Prompt:
Starting at the line with "the happy planner", copy each line through the last one below exactly as written, without any pictures.

+ + + + + + +

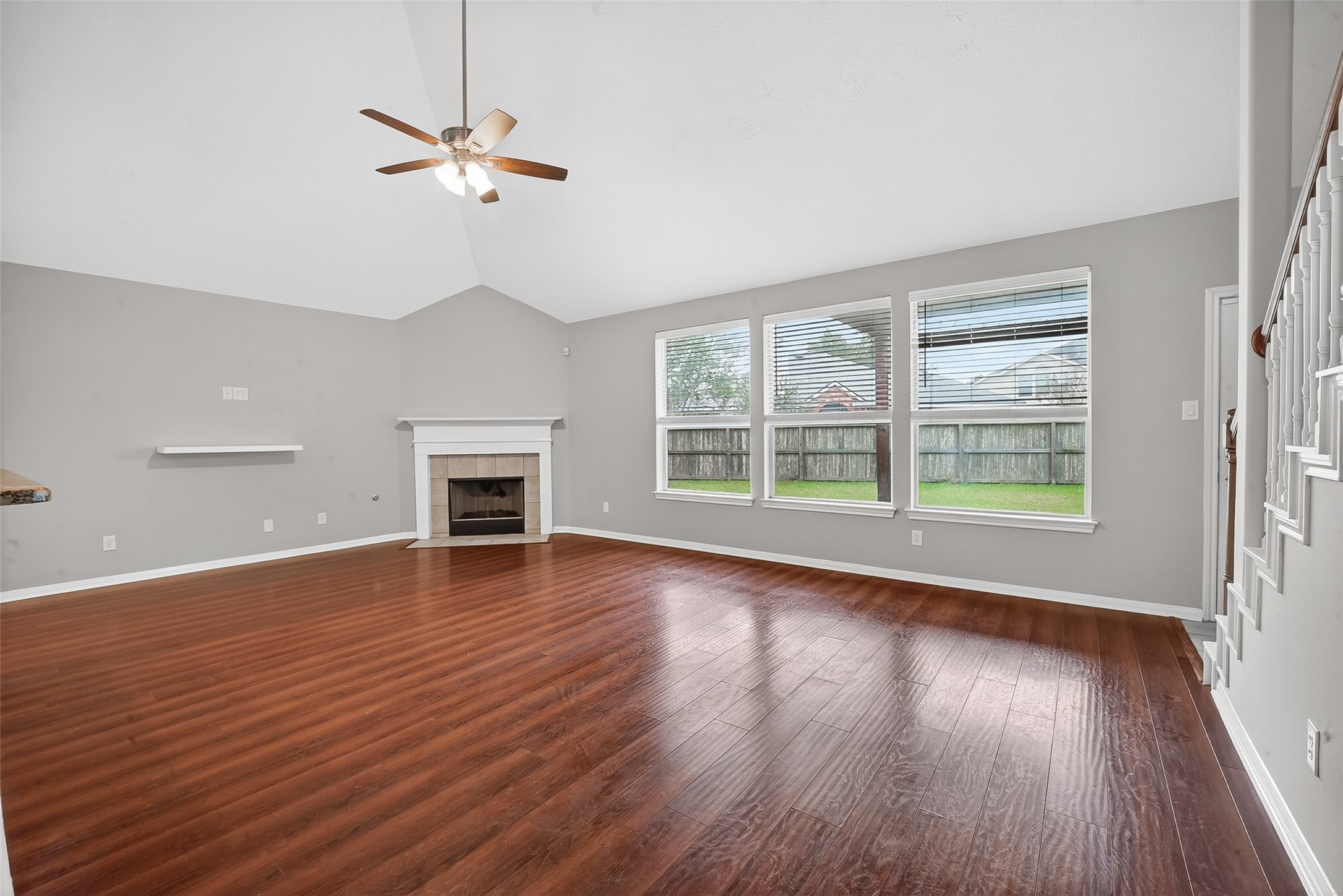 14308 Rocky Briar Lane Rosharon, TX 77583 - Photo 20 of 46 an empty room with wooden floor fan and windows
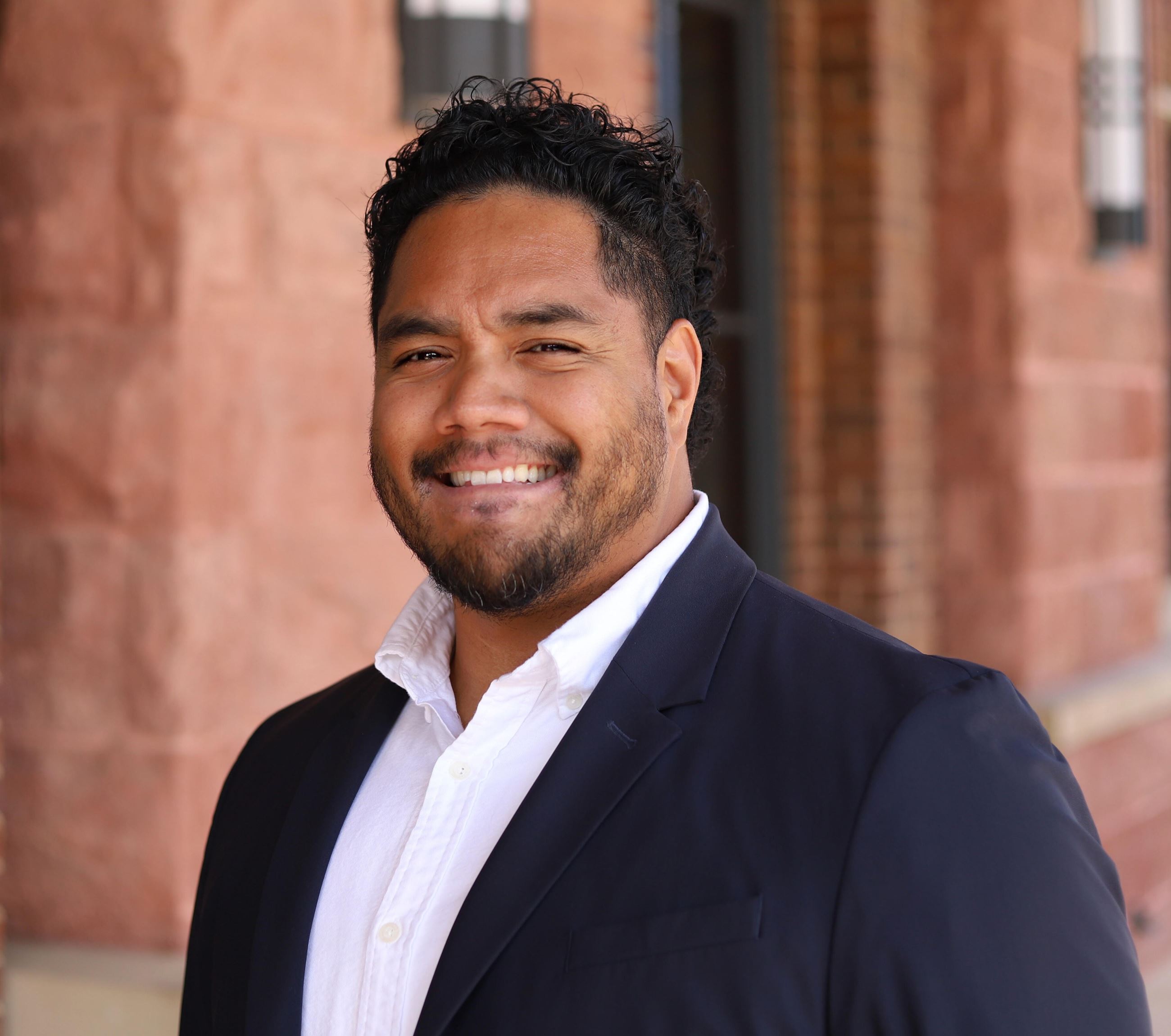man with short curly black hair wearing a white button up with a dark sport coat smiling 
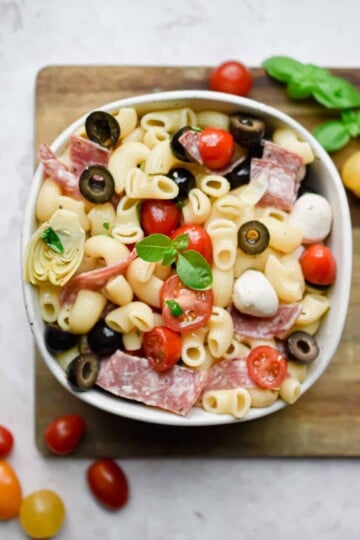 Antipasto pasta salad in a white bowl.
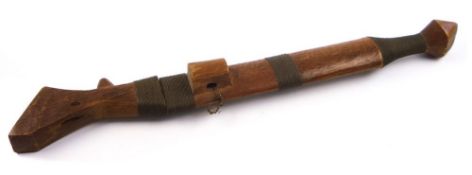 An African iron headed spear together with a wooden sheathed knife:, length of spear 148cm long.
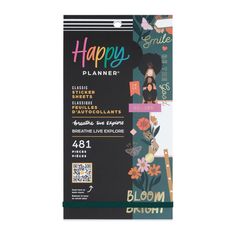 the happy planner book is open and has flowers on it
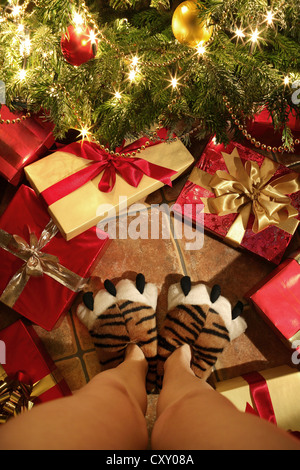 Person mit Hausschuhen in Form von Tiger Pfoten vor Weihnachtsgeschenke unter einem Weihnachtsbaum steht Stockfoto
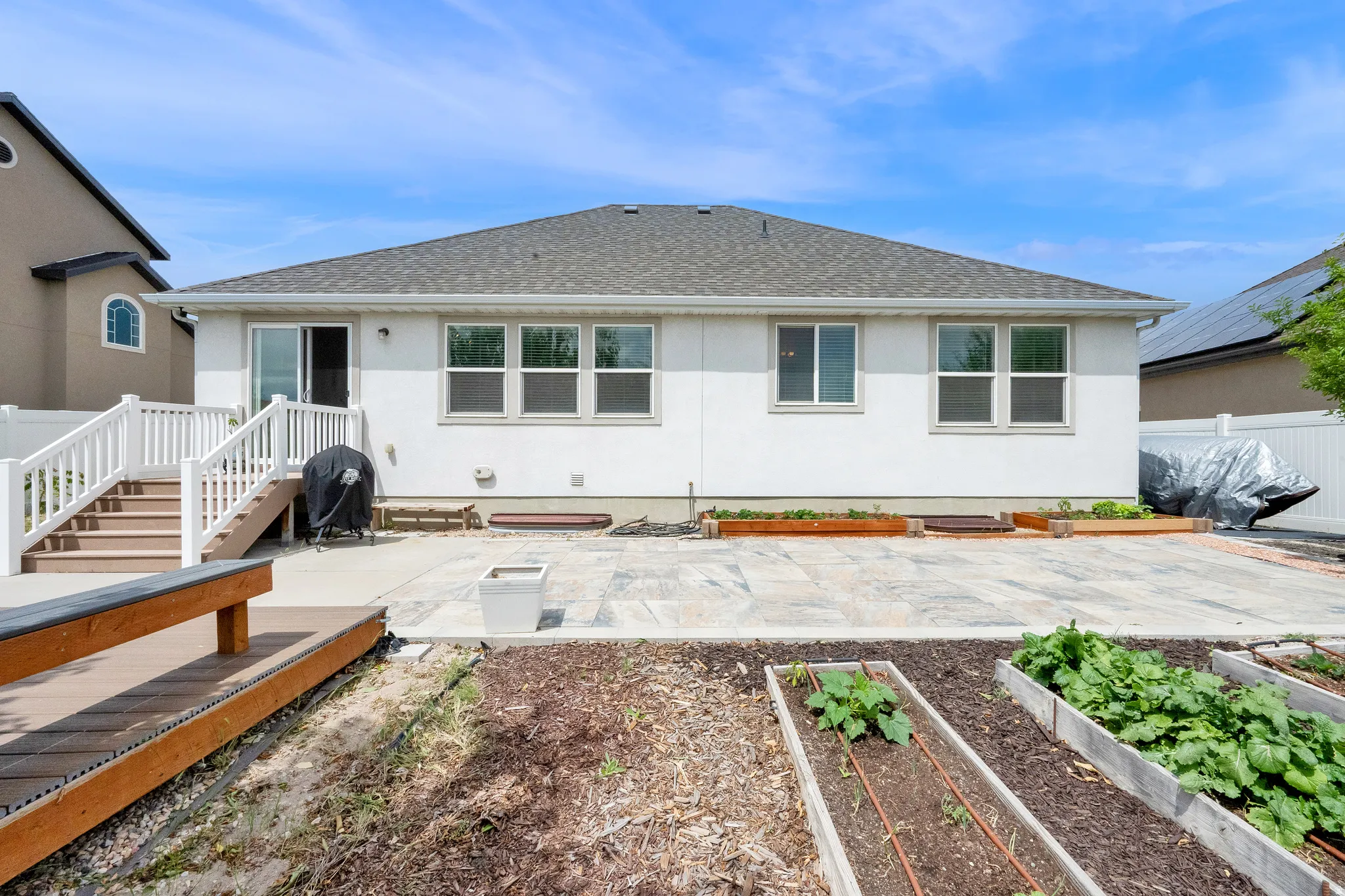 Rear exterior featuring a white stucco facade, a private patio, and a multi-level deck with white railings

+ + + + + + +

Exercise answer:
 the happy planner book is open and has flowers on it
 Person mit Hausschuhen in Form von Tiger Pfoten vor Weihnachtsgeschenke unter einem Weihnachtsbaum steht Stockfoto
 Rear exterior featuring a white stucco facade, a private patio, and a multi-level deck with white railings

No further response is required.